Entramos en el estudio del pintor Abraham Lacalle para descubrir un cambio en su obra: ha pasado del paisajismo mental a la fantasía pictórica de lo real. Por Guillermo Espinosa Fotos: Juan Millás
Al entrar en el estudio de Abraham Lacalle (Almería, 1962), la primera sorpresa es una biblioteca acristalada. Allí, junto a los ejemplares de catálogos de otros artistas, lo habitual en un pintor que durante años ha practicado eso que denominamos metapintura, hay una enorme cantidad de obras literarias desgastadas por el uso: Foster Wallace, McCarthy, Foucault, Joyce, Bulgakov, Huxley, Pynchon… Efectivamente, el propio Lacalle confiesa que, entre las múltiples referencias que usa para idear sus pinturas, la literatura (pero también la ciencia y la filosofía) es de las importantes.
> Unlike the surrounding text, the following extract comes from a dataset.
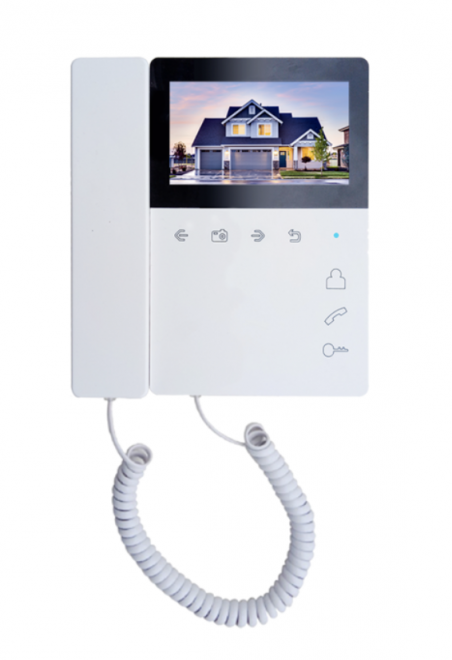 Elly S с трубкой (VZ или XL) Tantos монитор видеодомофона - 35374 Elly S с трубкой (VZ или XL) Tantos монитор видеодомофона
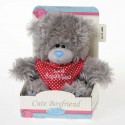 Мишка Тедди с ковбойским платком Cute Boyfriend 13 см (G01W2390)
Su próxima exposición, No una ventana, que se podrá contemplar del 5 de septiembre al 5 de octubre en la Galería Marlborough (Orfila, 5, Madrid), juntará nuevos lienzos de gran formato, inspirados en “ficciones distópicas de todas las épocas”, como él las llama: novelas que hablan de un futuro complejo y deprimente y que justifican la presencia de Huxley o McCarthy en su biblioteca. Es la primera vez que se dedica al paisaje, en sentido clásico, en una larga carrera pictórica en la que primaba el paisaje mental, el solapamiento de distintas aproximaciones históricas a lo pictórico en un mismo lienzo, desde las primeras vanguardias a la actualidad. “Hoy somos más conscientes de la importancia de revisar el pasado para construir un futuro. Aunque he ido perdiendo ese interés en el puro análisis del lenguaje. Creo, como ya anunciaba Wittgenstein, que de tanto analizarlo, termina por desaparecer. Llegas al silencio, a una encrucijada. Y tras eso, ¿qué queda? Te ves obligado a retomar unos contenidos. Esta exposición tiene que ver con esto”, dice Lacalle.
Los paisajes de esta muestra no son “reales” ni tomados al natural, que es a lo que alude el título de la exposición. O sí, pero solo en el plano de la ficción pictórica. Están hechos de retazos objetivos –piedras abocetadas en cuadernos de un viaje a Nueva York; referencias a su Almería natal, al madrileño Parque del Oeste o incluso a México– mientras otros son puramente imaginarios: “No planifico, no soy un estratega. Voy mirando y cogiendo lo que me sirve. Cuando te dedicas a pintar, usas una forma y unos temas, y cuando ya lo usas con soltura, sin pensar, conviene que busques otra salida. Lo que mantiene a los cuadros en esa tensión tan sana, es pensarlos continuamente”, señala. De hecho, en estos grandes lienzos hay sorpresas poco vistas en sus trabajos anteriores. La primera, una libertad absoluta de la pincelada, aquí más visible y brutal: “Hemos abandonado esa rémora pop: que no se note que la pincelada es tuya…, que me parece la metástasis del yo en Occidente”, valora mordaz. También una paleta que, aunque en su caso nunca ha sido apagada, roza ahora el paroxismo; el paisaje está repuntado de colores vivos, irreales… “Refleja un poso de acidez, de espíritu cáustico. Me sale así. Con un poco de mala leche. La belleza es…, digamos que los pajaritos son muy bonitos saltando en las ramas, pero muchos piensan que fritos también lo son. Hay, efectivamente, un cierto grado de crueldad en mi pintura”, apunta. De hecho, en todos estos paisajes se aprecia la intervención humana, pero muchas veces cuando ya la naturaleza se está apropiando del terreno ganado. También es de las pocas veces que una figura humana aparece en su trabajo: un hombre echado en actitud de siesta, en un único cuadro, que bebe tanto de la historia de la pintura –La siesta, de Van Gogh– como de esa visión que ironiza con el miedo humano al medio natural: “Hay que abordar el paisaje desde la reflexión antropológica de nuestra relación con lo natural. Somos, a nuestra escala, pequeños escarabajos peloteros. Con una capacidad de destrucción mucho mayor”.